BMC Hospital LLC has sent Hudson Regional Hospital a cease and desist letter, claiming they were defamed in their latest fight related to the Bayonne Medical Center.
“Without retraction and cessation, BMC and Surgicore stand to be damaged to the tune of millions to tens of millions of dollars, and you and your client are now on notice of these falsities, and that we have been authorized to prepare a complaint against your clients due to their utter disregard for truth, willingness to hurl untruths indiscriminately, and clearly evident desire and maliciously focused intent to interfere with our clients’ existing business relations and prospective economic advantage,” James P. Flynn, counsel for BMC hospital, wrote today.

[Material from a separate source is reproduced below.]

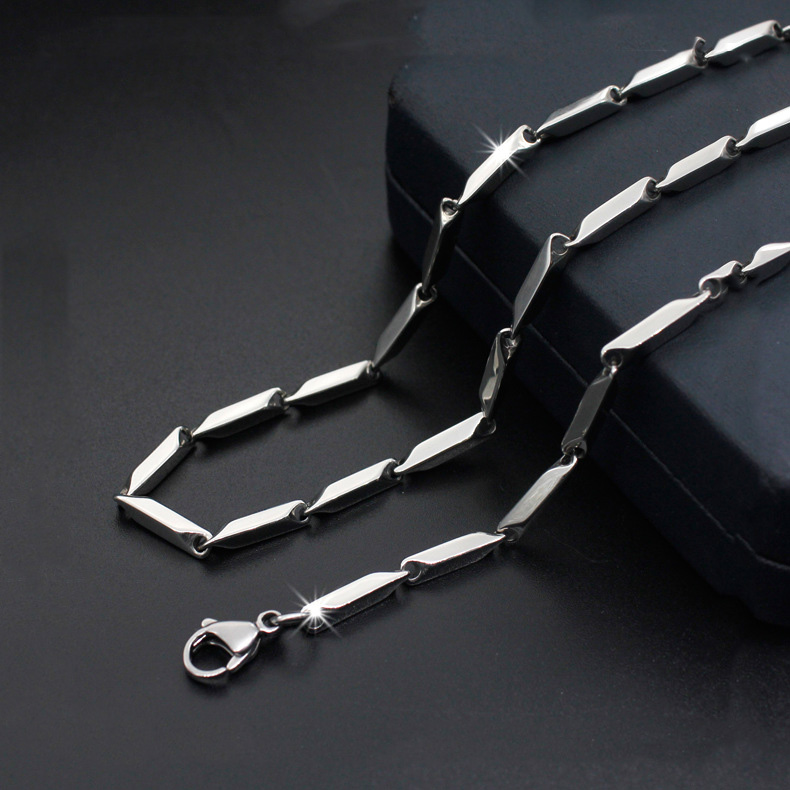 Fashion high-end titanium steel necklace melon chain stainless steel chain men and women fashion necklace
Fashion high-end titanium steel necklace melon chain stainless steel chain men and women fashion necklace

“You and your clients may expect all previous claims to be re-ignited along with new claims based on the new lies your clients have fired off. Any additional false public statements by your clients will only further inflame the situation and increase the damages caused by your clients.”
On Friday, HRH celebrated the fact that BMC Hospital had withdrawn a lawsuit against them and issued a lengthy press release throwing haymakers over other topics including their certificate of need application with the state Department of Health and their financial disclosures.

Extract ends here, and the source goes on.